29
Sep/11

THIRTYNOTHING

29
Sep/11

Dan Fishback looks back at his childhood and the AIDS epidemic in multidisciplinary THIRTYNOTHING at Dixon Place

Dixon Place
161A Chrystie Pl. between Rivington & Delancey Sts.
Fridays & Saturdays, September 30 – October 22, $15-$20, 7:30 or 9:30
212-219-0736
www.dixonplace.org

A few years ago, we caught Dan Fishback’s outrageously funny You Will Experience Silence at Dixon Place, one of the truly great works about Chanukah. Fishback, who has also presented such shows as The Material World, Absentia Dementia, Waiting for Barbara, and Please Let Me Love You, which take on politics, celebrity, religion, gay culture, and other themes, is staging the solo performance project thirtynothing at Dixon Place on Fridays & Saturdays through October 22. Directed by Stephen Brackett, thirtynothing pulls together stories from Fishback’s childhood along with tales from the beginning of the AIDS epidemic, weaving in work by such seminal artists as Mark Morrisroe and David Wojnarowicz.

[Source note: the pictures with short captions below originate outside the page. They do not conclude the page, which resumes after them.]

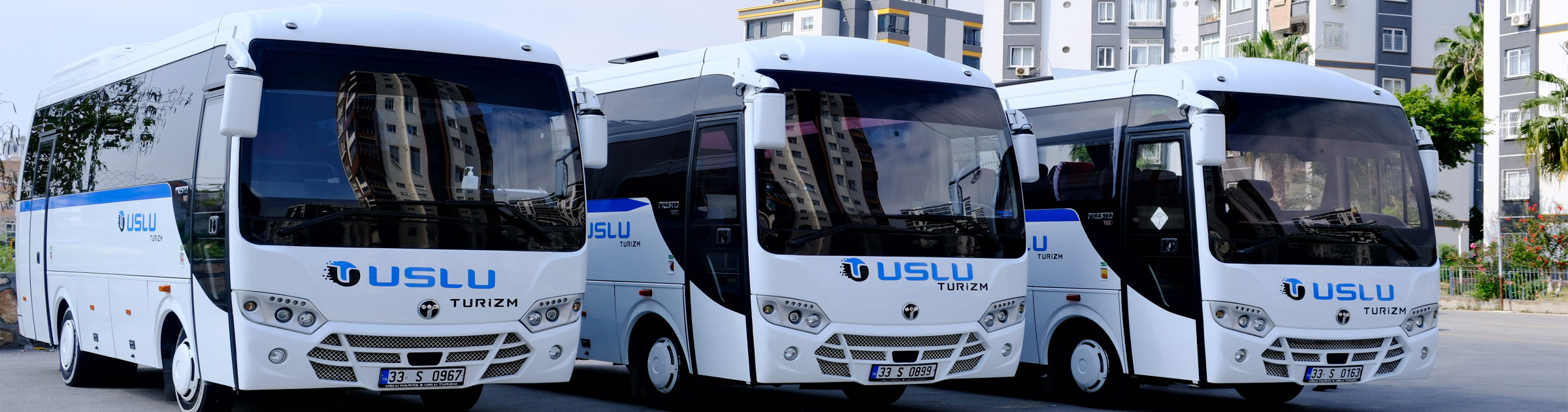 Uslu Turizm Personel Taşımacılığı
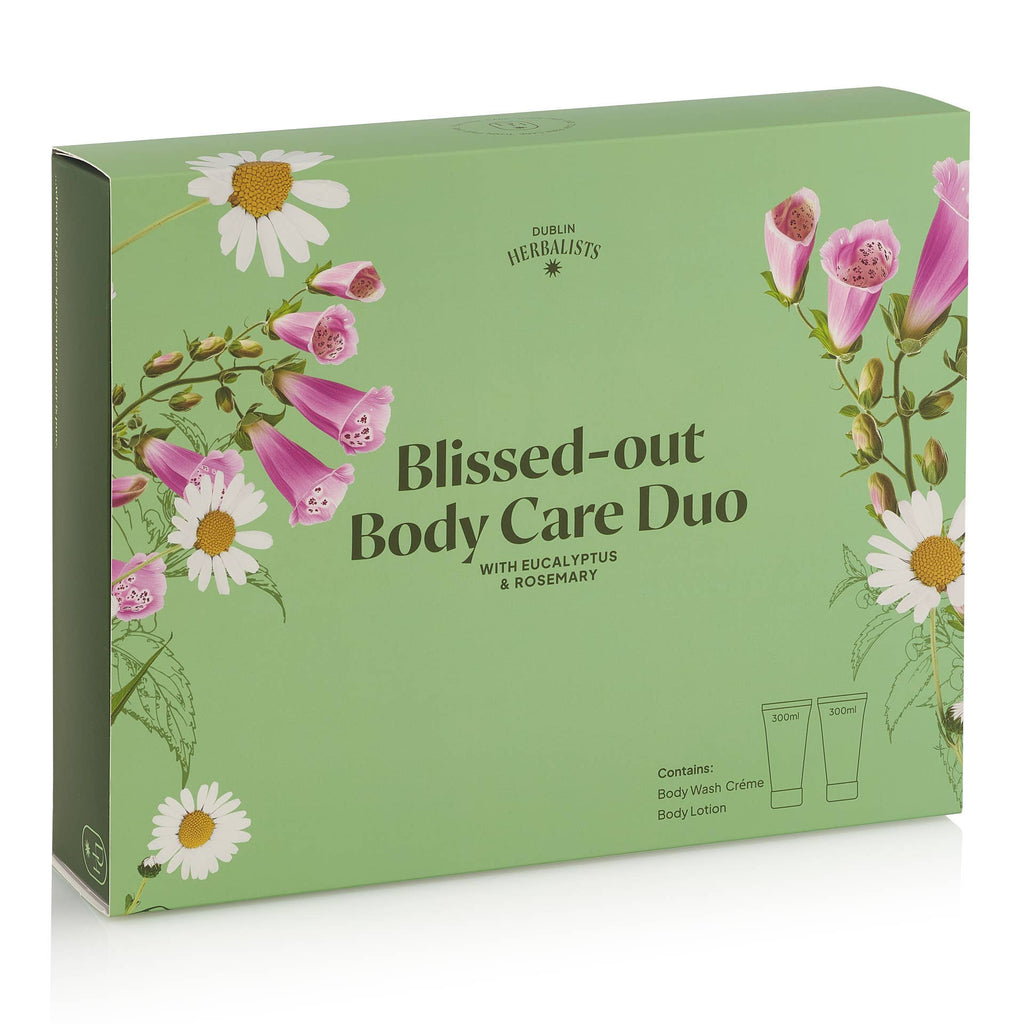 Blissed Out Body Care Gift Set - Dublin Herbalists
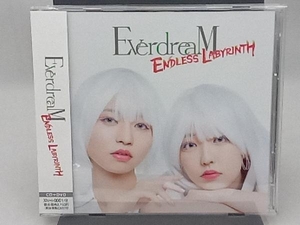 EverdreaM CD ENDLESS LABYRINTH(DVD付)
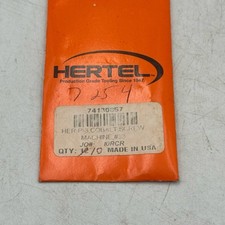 Hertel tool drill for sale  Saint Louis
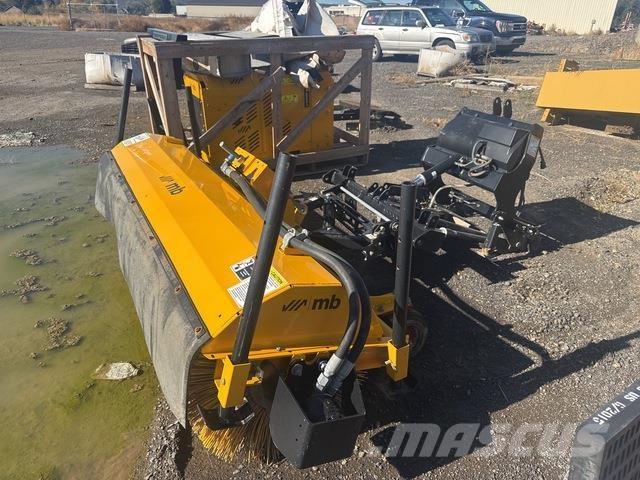 MB Crusher  Brushes
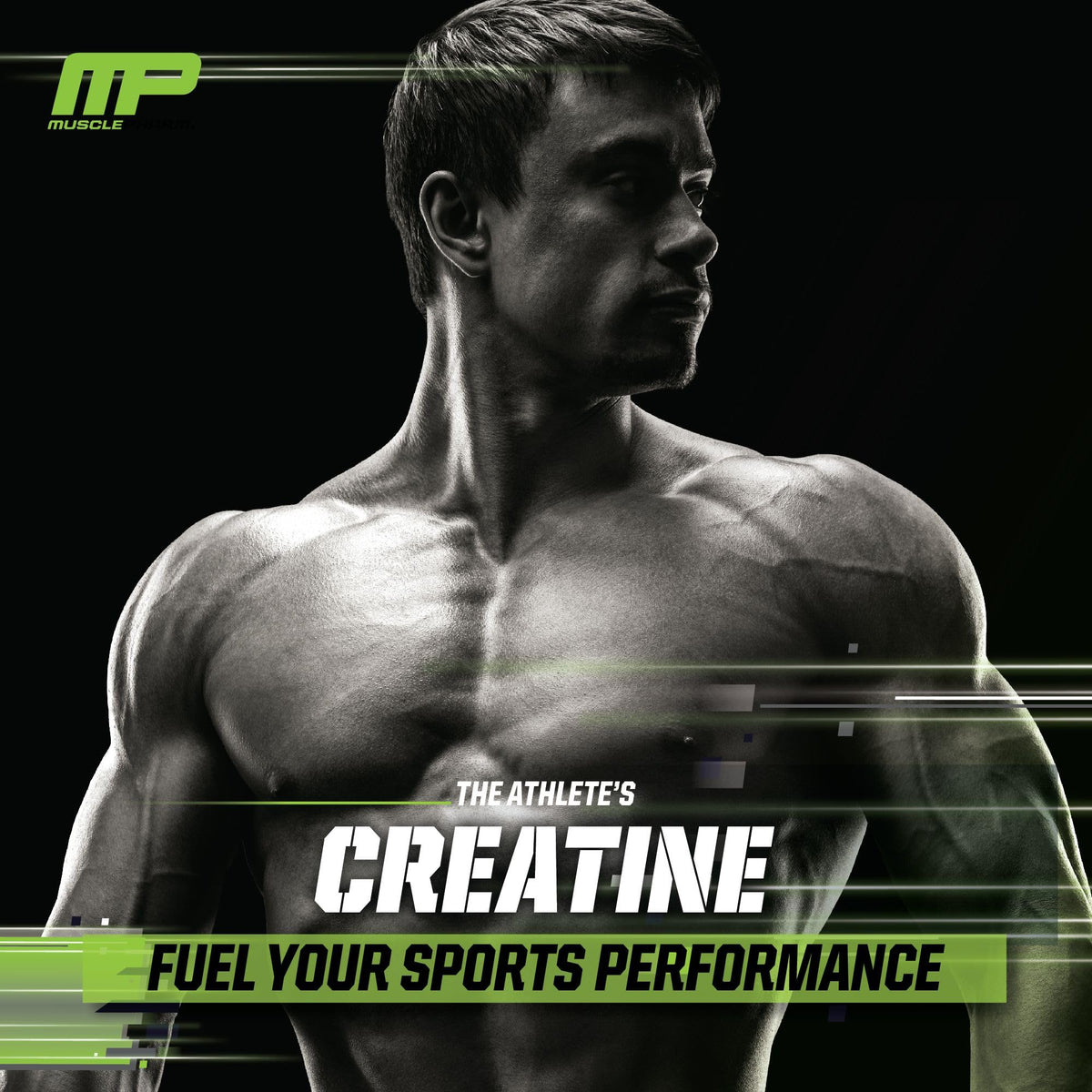 Creatine Monohydrate Powder 60 Servings D600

In conjunction with thirtynothing, Dixon Place will be holding special Sunday conversations ($5 suggested donation, 5:00) on the cultural legacy of AIDS, beginning October 2 with “The Queer Generation Gap” (with Ira Sachs, Jack “Mother Flawless Sabrina” Doroshow, and Carlos Motta) and continuing October 9 with “The Gentrification Age” (with Sarah Schulman), October 16 with “The Films of Mark Morrisroe” (including screenings of Hello from Bertha, The Laziest Girl in Town, and Nymph-O-Maniac), and October 23 with “THIRTYEVERYTHING.” The talks will take place in the lounge, where Fishback has installed a site-specific piece honoring artists who died of AIDS in the 1980s and ’90s. “There is no ritualized means for my generation to mourn our predecessors who were lost to AIDS,” Fishback explains in an online program note. “As a Jew, trained from birth to mourn the obliteration of my ancestors, I feel the impulse to gather my community together, to speak of the dead, to celebrate the triumphs of the past and integrate that history into a sense of who I am. That is the impulse behind this project.”